So concludes a recent study by Princeton University Prof Martin Gilens and Northwestern University Prof Benjamin I Page.
This is not news, you say.
Perhaps, but the two professors have conducted exhaustive research to try to present data-driven support for this conclusion. Here's how they explain it:
Multivariate analysis indicates that economic elites and organised groups representing business interests have substantial independent impacts on US government policy, while average citizens and mass-based interest groups have little or no independent influence.
In English: the wealthy few move policy, while the average American has little power.

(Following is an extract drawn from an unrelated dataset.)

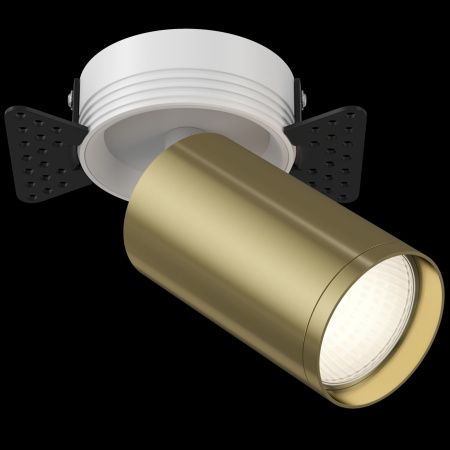 Встраиваемый светильник 1*GU10 10Вт Белый и Латунь IP20 FOCUS S C058CL-1WBS Technical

The two professors came to this conclusion after reviewing answers to 1,779 survey questions asked between 1981 and 2002 on public policy issues. They broke the responses down by income level, and then determined how often certain income levels and organised interest groups saw their policy preferences enacted.
"A proposed policy change with low support among economically elite Americans (one-out-of-five in favour) is adopted only about 18% of the time," they write, "while a proposed change with high support (four-out-of-five in favour) is adopted about 45% of the time."
On the other hand:
When a majority of citizens disagrees with economic elites and/or with organised interests, they generally lose. Moreover, because of the strong status quo bias built into the US political system, even when fairly large majorities of Americans favour policy change, they generally do not get it.
They conclude:
Americans do enjoy many features central to democratic governance, such as regular elections, freedom of speech and association and a widespread (if still contested) franchise. But we believe that if policymaking is dominated by powerful business organisations and a small number of affluent Americans, then America's claims to being a democratic society are seriously threatened.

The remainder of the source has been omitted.